According to him, the steel used in the ship is equivalent to three Eiffel Towers and the power used “can light up half of Kochi city”.

The construction of INS Vikrant began at the state-owned Cochin Shipyard in Kerala’s Kochi in 2009 and the cost came up to Rs 23,000 crore. The Indian Navy has said that more than 50 Indian manufacturers were directly involved in the project, and about 2,000 Indians received direct employment on board the ship every day.
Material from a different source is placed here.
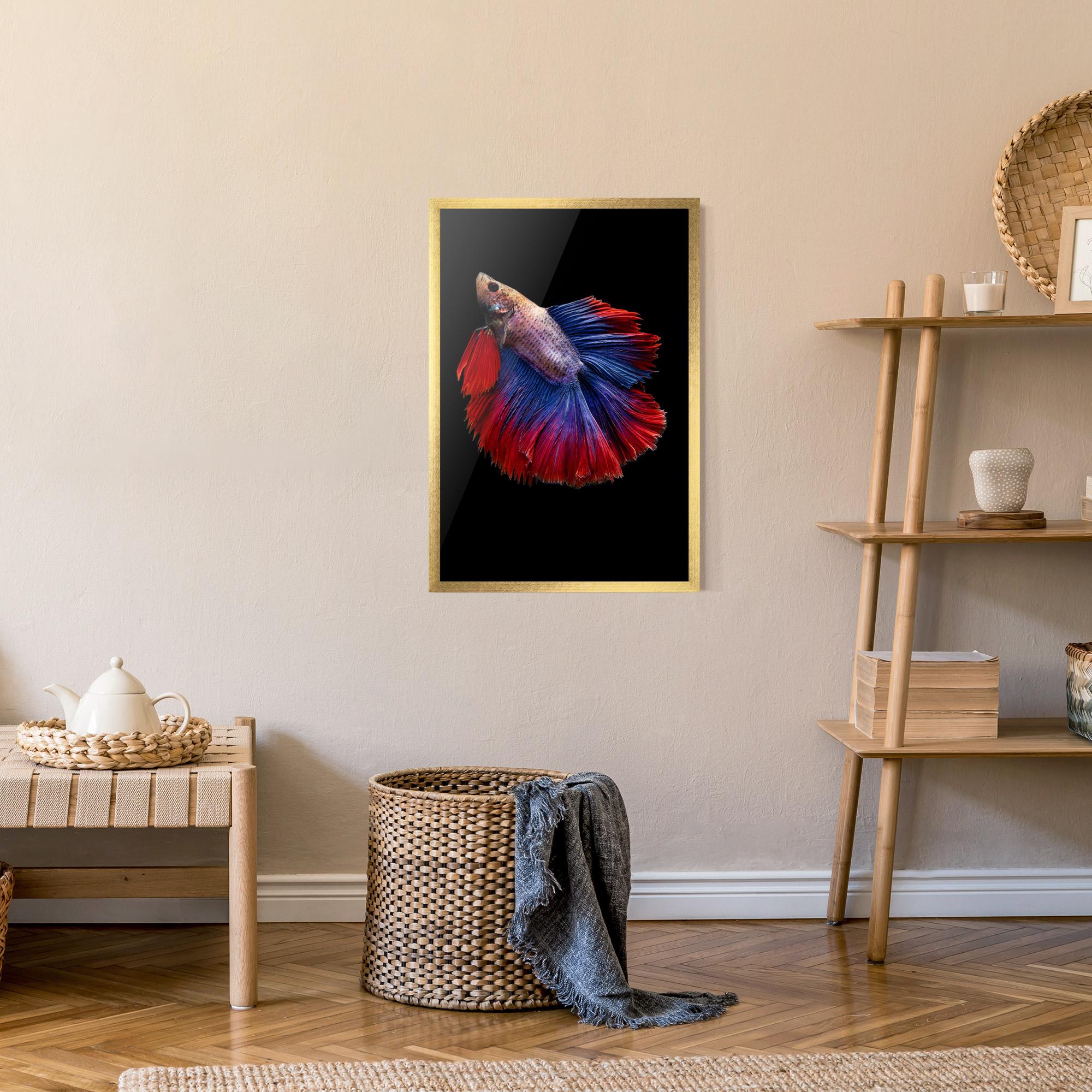 Plakat w Ramie Red Blue Betta mockup 9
More than 40,000 people were employed indirectly.

Why An Indigenous Aircraft Is Significant To India

Over 76 per cent of the material and equipment on board the carrier is indigenous, including 21,500 tons of special grade steel developed indigenously and used in Indian naval ships for the first time.

The Union Ministry of Ports, Shipping and Waterways has said that the shipping yard “carried out the detailed engineering of the ship using advanced software which enabled the designer to get a complete 3D view of the compartments of the ship”. This is the “first time in the country that a ship of the size of an aircraft carrier is completely modelled in 3D and production drawings extracted from the 3D model”, reports media sources.

The Made-in-India warship is a feather in the country’s cap, as only five or six nations have the capacity of building an aircraft carrier.

What Aircraft Will The Ship Carry?

The warship has been designed to operate “an assortment of fixed-wing and rotary aircraft”. It will be carrying the Russian-made MiG-29K fighter jet, Kamov-31 early warning helicopters, the indigenously manufactured Advanced Light Helicopters and the MH-60R multirole helicopter made by the American defence major Lockheed Martin, according to the Indian Navy.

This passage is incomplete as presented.